▶ **WORK TO BE COMPLETED**
Restate the listing word for word; omit the images.

▶ **GIVEN INFORMATION**
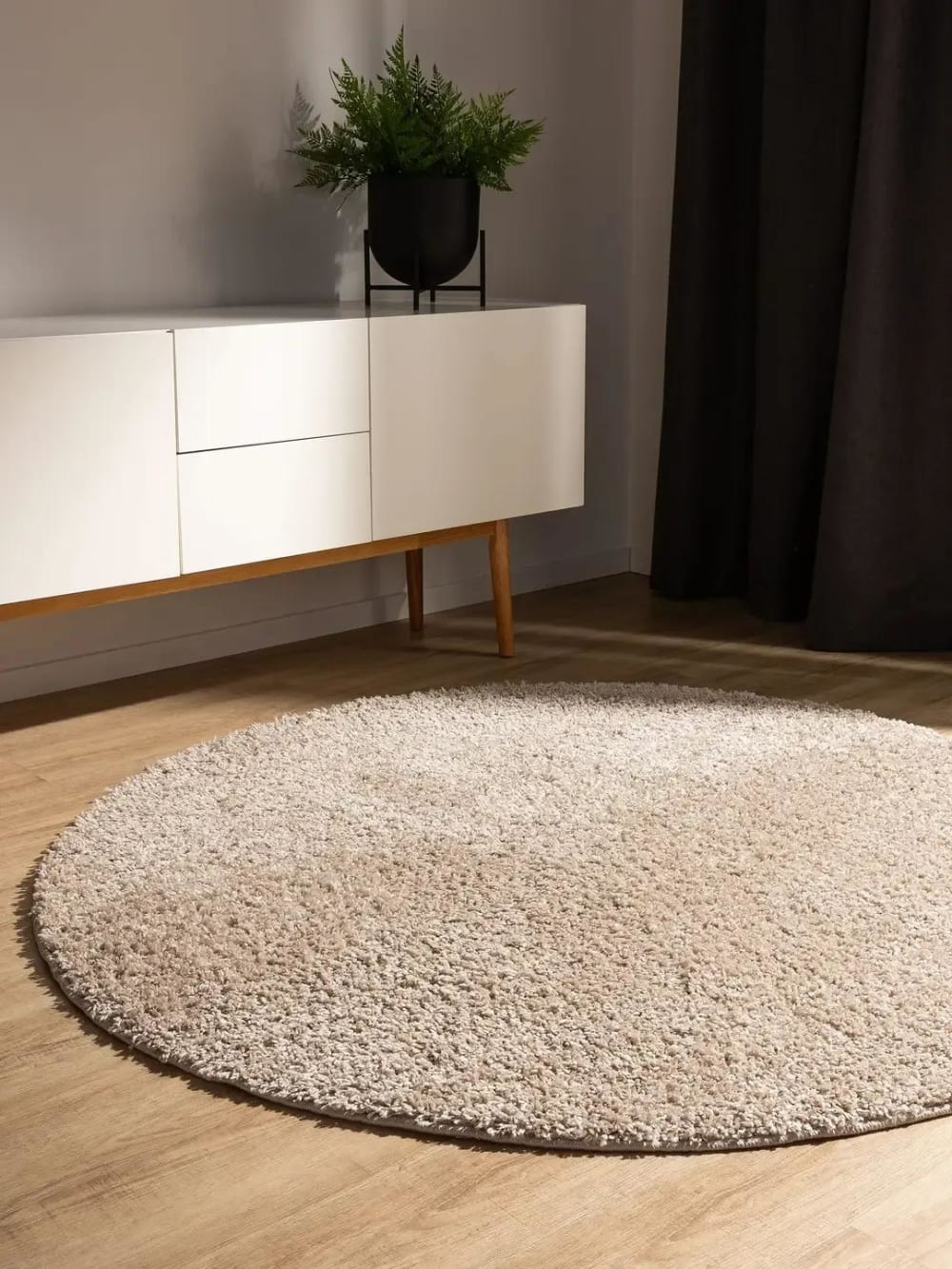 Tapis à poils longs beige D 160 rond
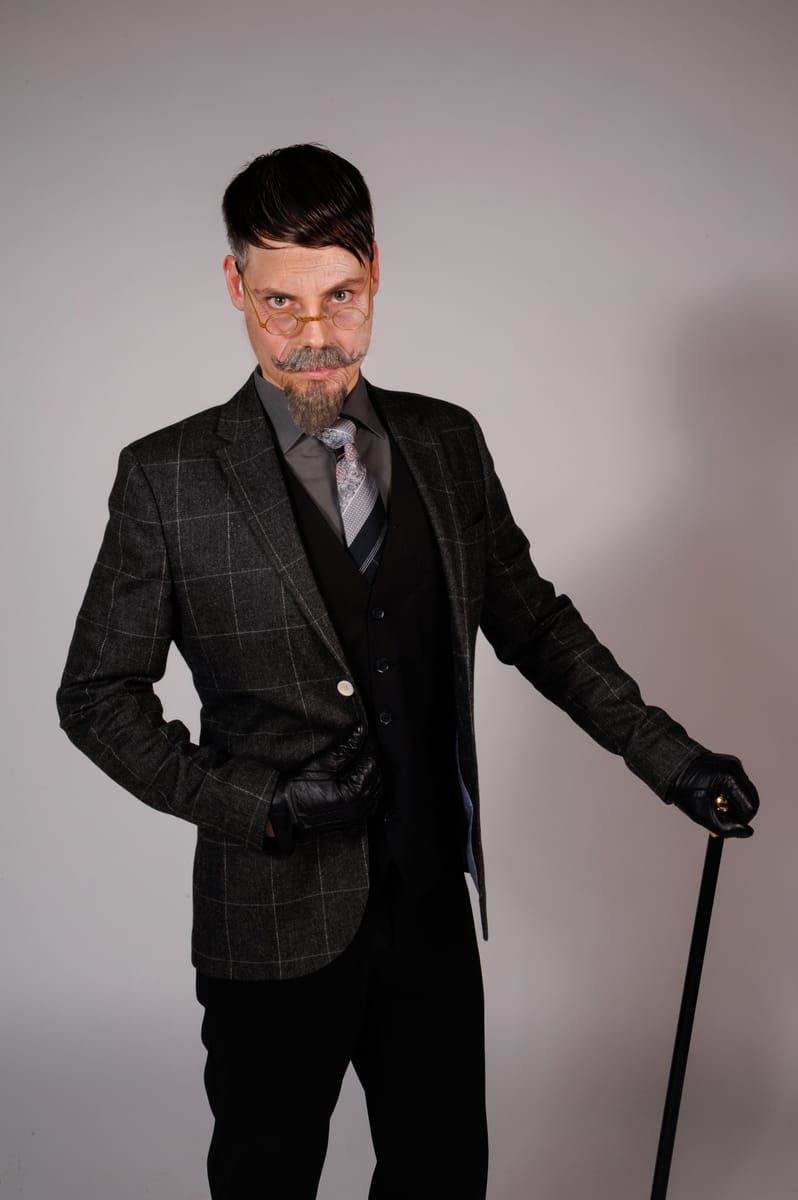Daniel Schickel als Mortimer Crayle in „Zum Henker mit den Henks!“ (2016)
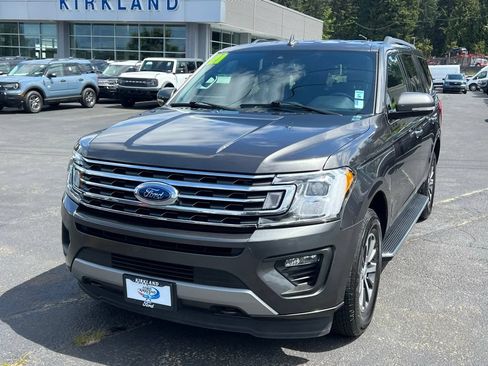 Used 2021 Ford Expedition XLT w/ Equipment Group 202A AWD/4WD image 4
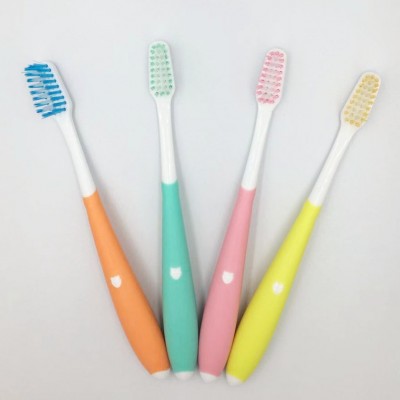 ultra soft bristles easy for small hands to grip  kids toothbrush specially designed for small Teeth and gums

▶ **RESPONSE BELOW**
 Tapis à poils longs beige D 160 rond
Daniel Schickel als Mortimer Crayle in „Zum Henker mit den Henks!“ (2016)
 Used 2021 Ford Expedition XLT w/ Equipment Group 202A AWD/4WD image 4
 ultra soft bristles easy for small hands to grip  kids toothbrush specially designed for small Teeth and gums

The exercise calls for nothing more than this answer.